DATA FOR REVIEW:
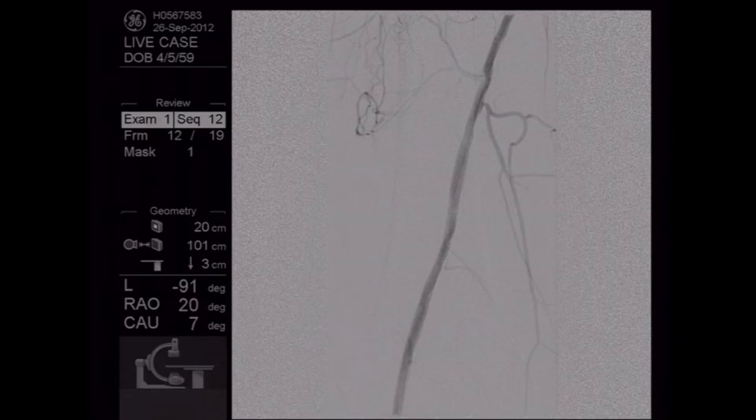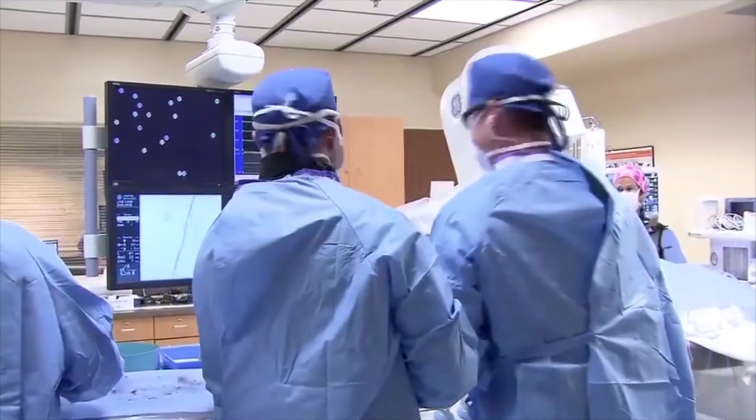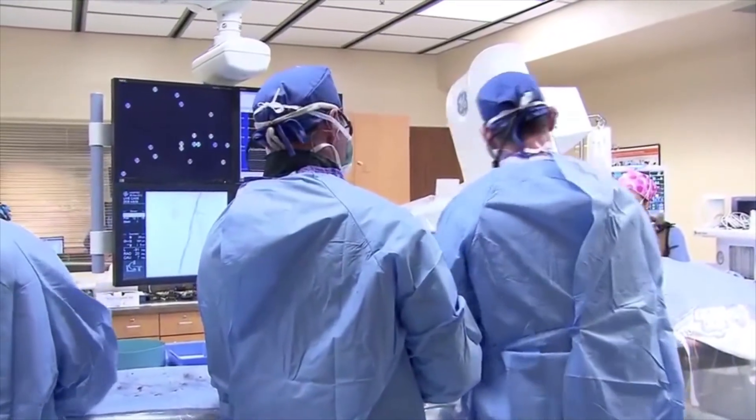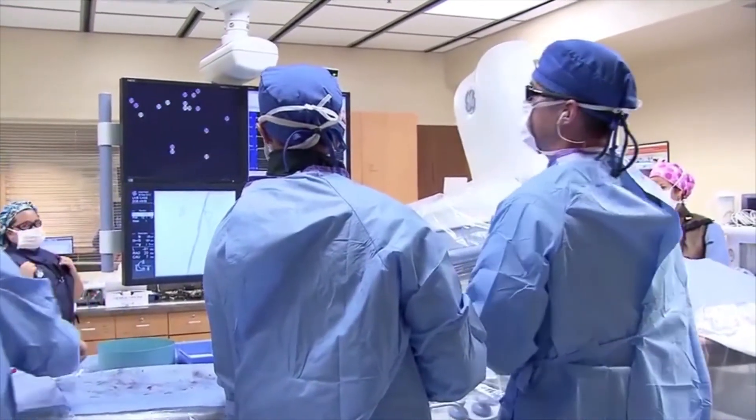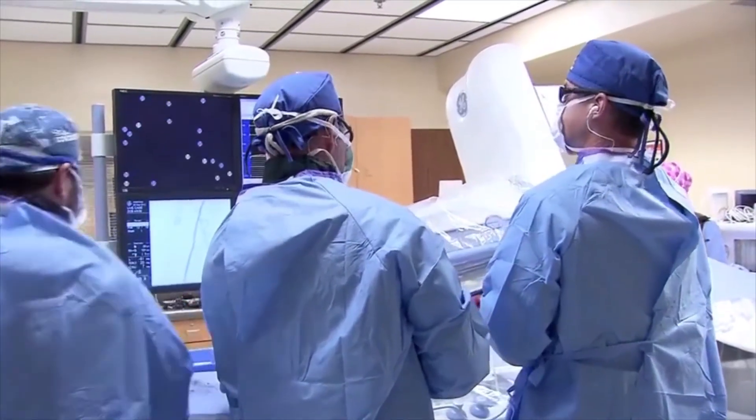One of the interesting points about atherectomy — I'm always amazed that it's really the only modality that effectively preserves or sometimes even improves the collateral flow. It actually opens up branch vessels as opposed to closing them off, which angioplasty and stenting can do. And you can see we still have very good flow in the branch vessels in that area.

--

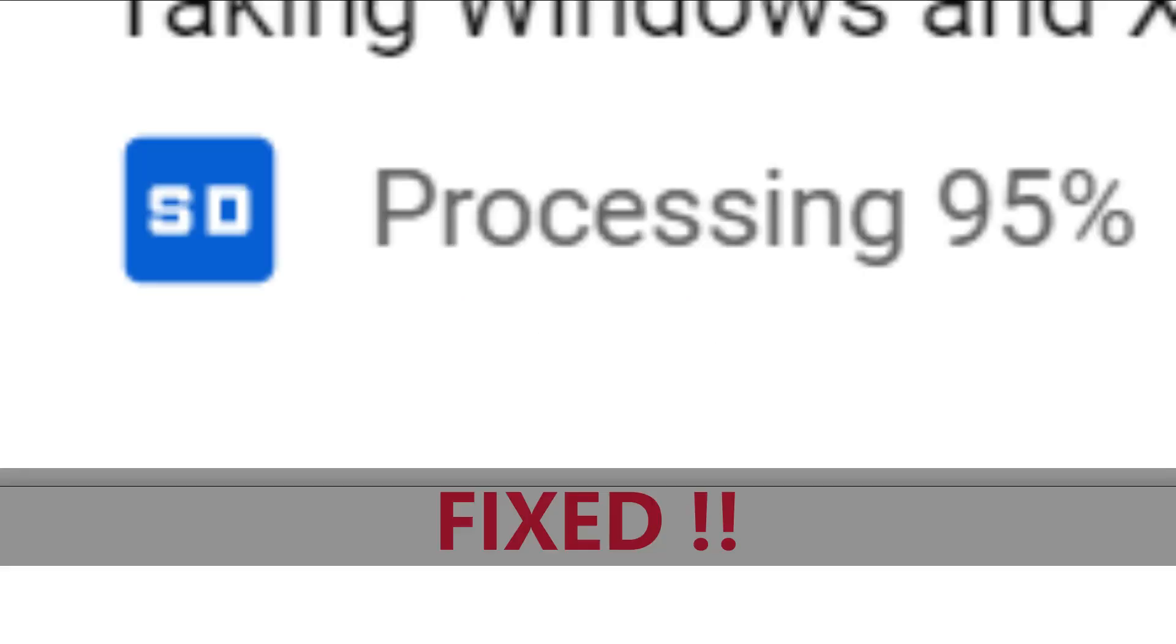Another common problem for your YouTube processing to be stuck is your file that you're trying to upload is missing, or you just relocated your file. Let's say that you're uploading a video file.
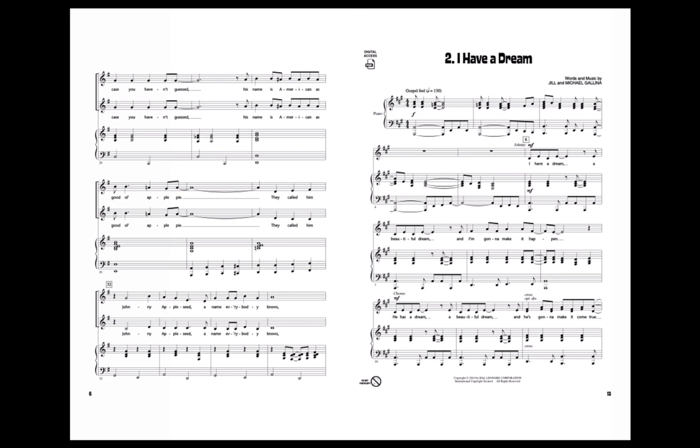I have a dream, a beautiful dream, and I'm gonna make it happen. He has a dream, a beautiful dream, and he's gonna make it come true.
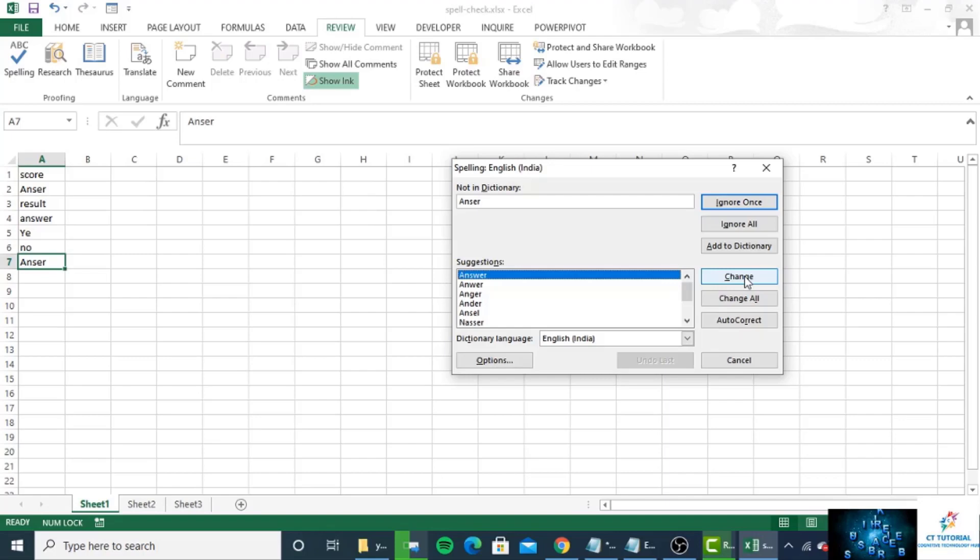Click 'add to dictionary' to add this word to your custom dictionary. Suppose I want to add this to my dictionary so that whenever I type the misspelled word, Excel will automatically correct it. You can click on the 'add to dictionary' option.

==

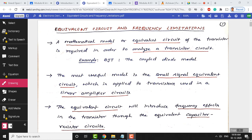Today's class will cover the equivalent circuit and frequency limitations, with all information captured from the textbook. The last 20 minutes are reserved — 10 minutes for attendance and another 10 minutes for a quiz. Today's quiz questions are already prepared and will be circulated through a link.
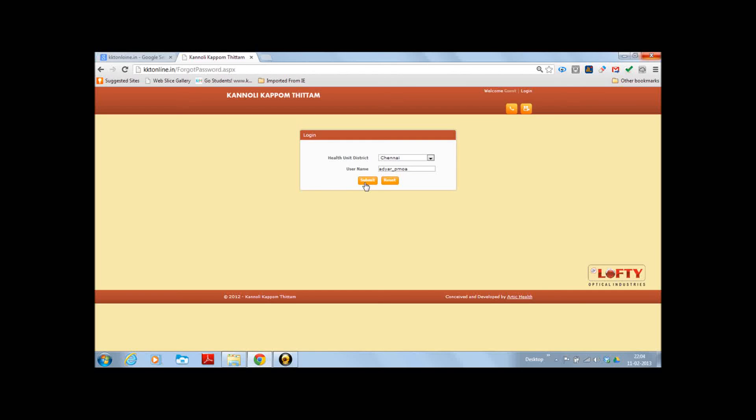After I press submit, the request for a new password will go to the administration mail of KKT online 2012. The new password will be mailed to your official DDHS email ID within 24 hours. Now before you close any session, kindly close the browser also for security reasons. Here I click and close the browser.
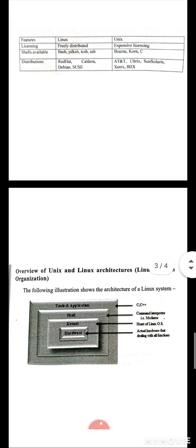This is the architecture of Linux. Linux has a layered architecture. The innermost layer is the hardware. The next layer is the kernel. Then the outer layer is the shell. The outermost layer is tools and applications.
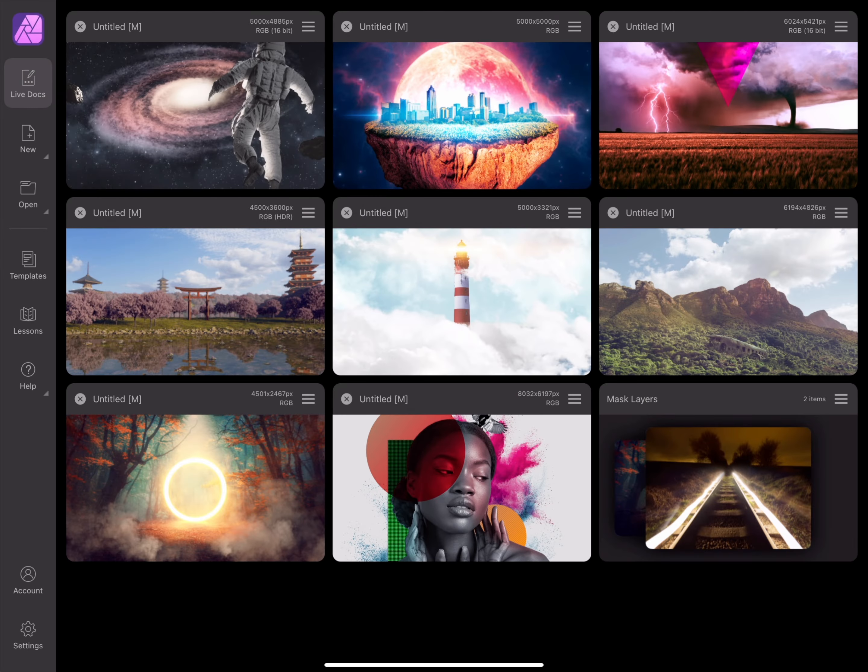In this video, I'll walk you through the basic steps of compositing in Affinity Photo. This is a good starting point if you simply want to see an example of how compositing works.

WORK INSTRUCTION:
From the data above, retype only the lines starting with the line with "This is the" and going on through the line with "In this video, I'll", exactly, leaving out the pictures.

RESPONSE FOR THIS EXERCISE:
This is the architecture of Linux. Linux has a layered architecture. The innermost layer is the hardware. The next layer is the kernel. Then the outer layer is the shell. The outermost layer is tools and applications.
In this video, I'll walk you through the basic steps of compositing in Affinity Photo. This is a good starting point if you simply want to see an example of how compositing works.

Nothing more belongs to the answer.